*** Opening of DATA SHOWN ***

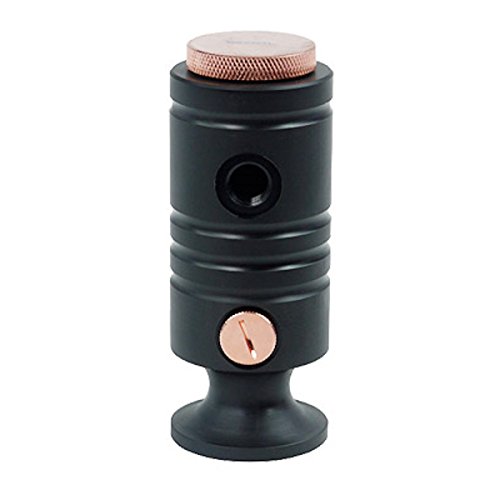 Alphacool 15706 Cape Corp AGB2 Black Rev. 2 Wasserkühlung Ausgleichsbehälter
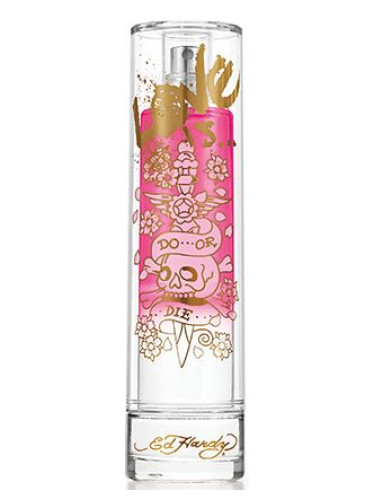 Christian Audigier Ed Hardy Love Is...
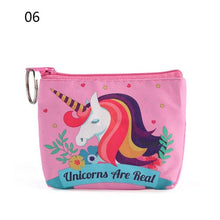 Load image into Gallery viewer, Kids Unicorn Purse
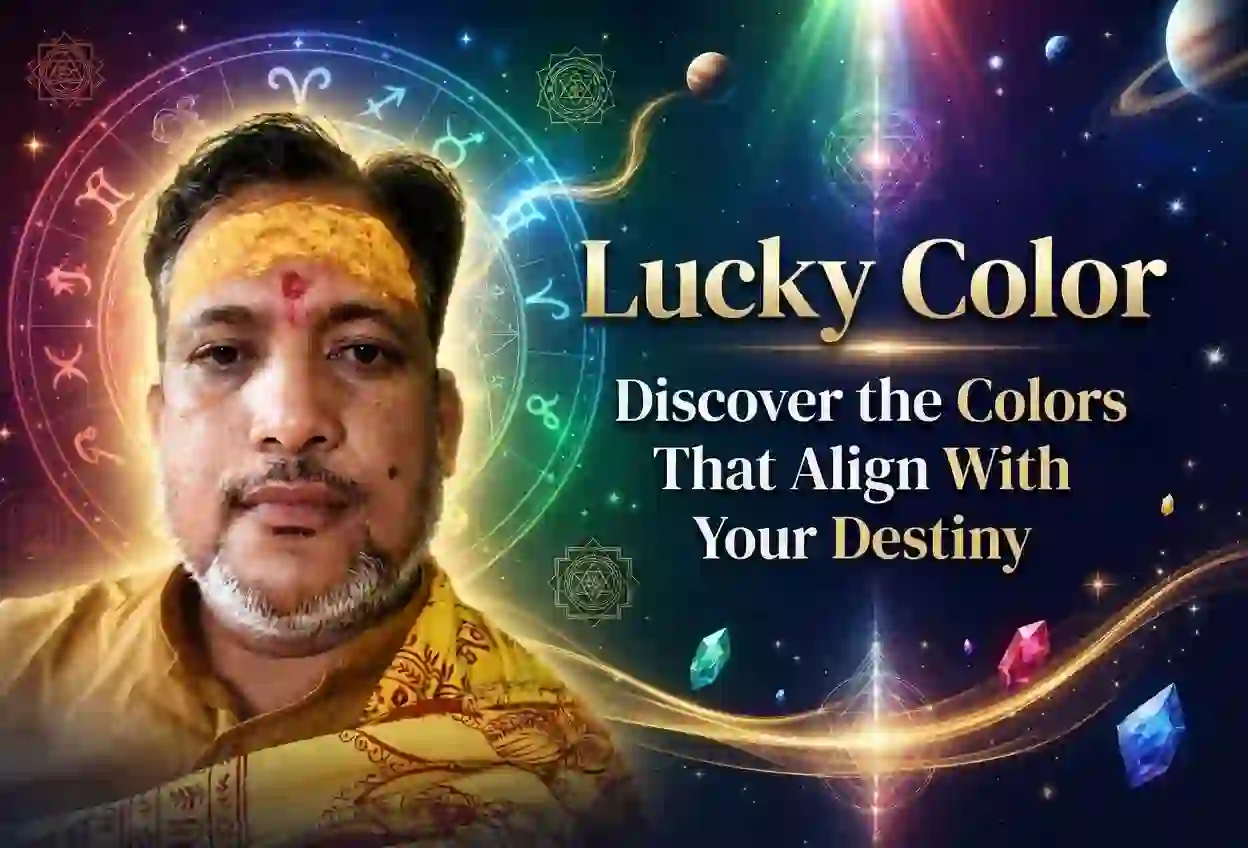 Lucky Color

*** Close of DATA SHOWN ***
*** Opening of DATA SHOWN ***

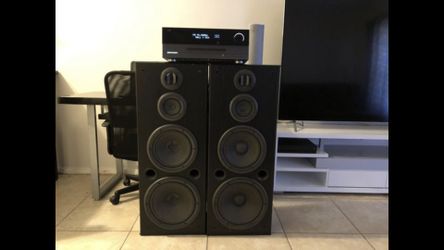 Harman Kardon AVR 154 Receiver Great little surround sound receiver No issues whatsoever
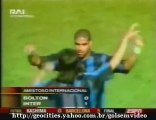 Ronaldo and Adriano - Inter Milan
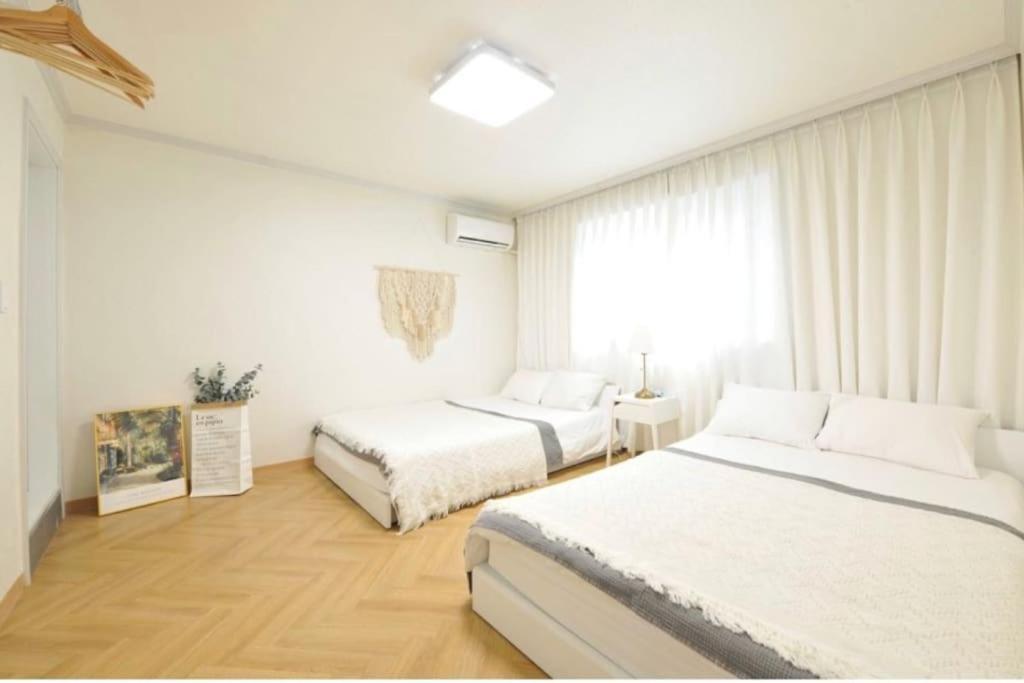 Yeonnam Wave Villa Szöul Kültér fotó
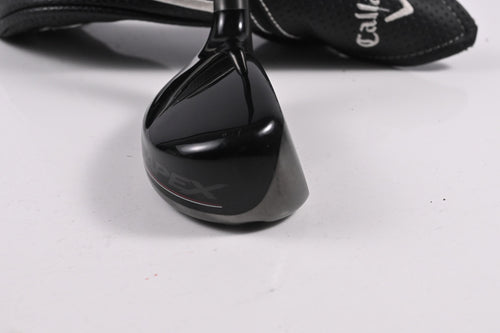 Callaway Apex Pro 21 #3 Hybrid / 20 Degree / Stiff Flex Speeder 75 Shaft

*** Close of DATA SHOWN ***
*** Opening of DATA SHOWN ***

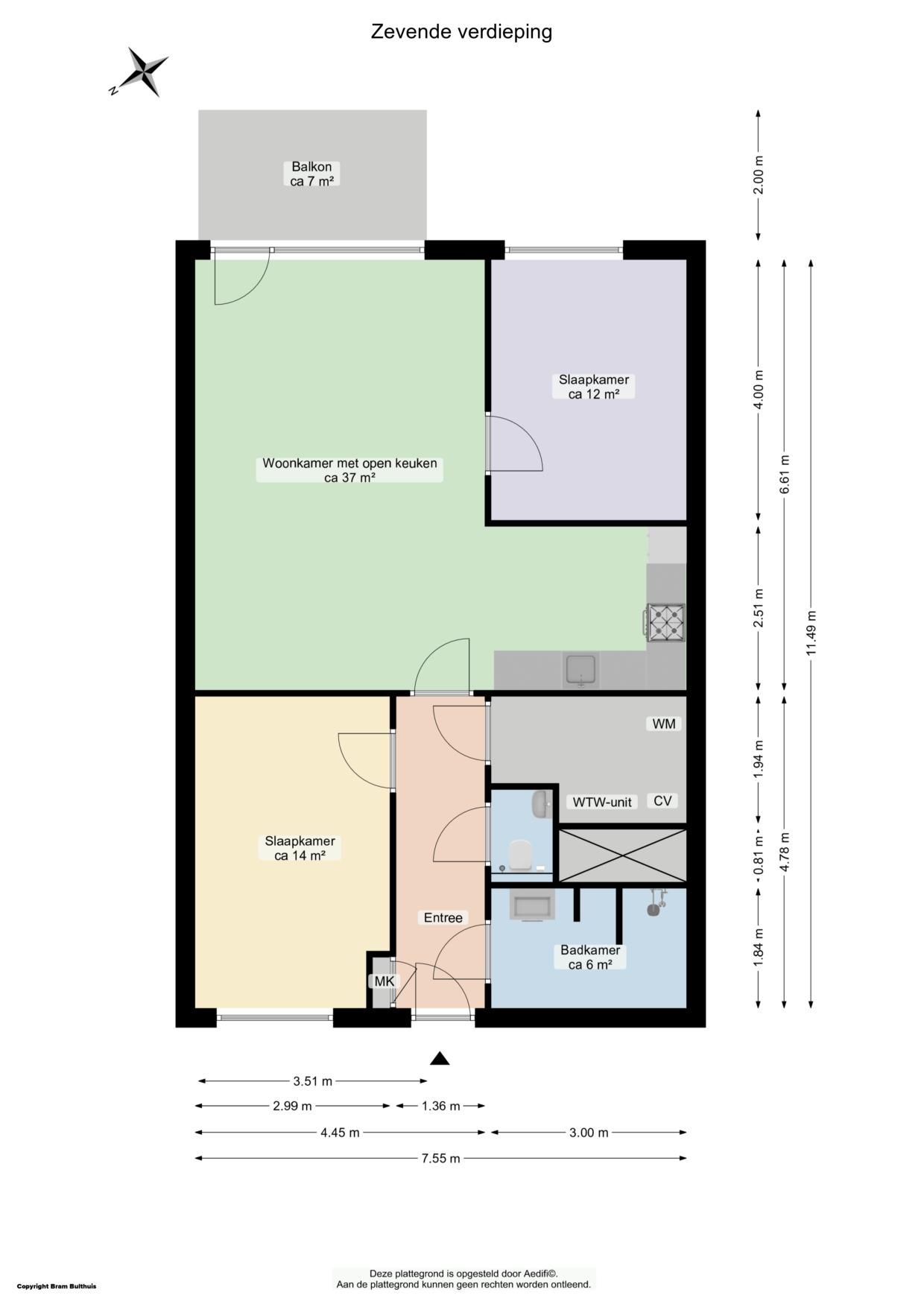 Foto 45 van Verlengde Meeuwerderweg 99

*** Close of DATA SHOWN ***

> [TASK INSTRUCTIONS]:
Copy exactly the part of the material above that opens with the line containing "Alphacool 15706 Cape" and closes with the line containing "Lucky Color", ends included. Drop the images.

> [YOUR SOLUTION]:
 Alphacool 15706 Cape Corp AGB2 Black Rev. 2 Wasserkühlung Ausgleichsbehälter
 Christian Audigier Ed Hardy Love Is...
 Load image into Gallery viewer, Kids Unicorn Purse
 Lucky Color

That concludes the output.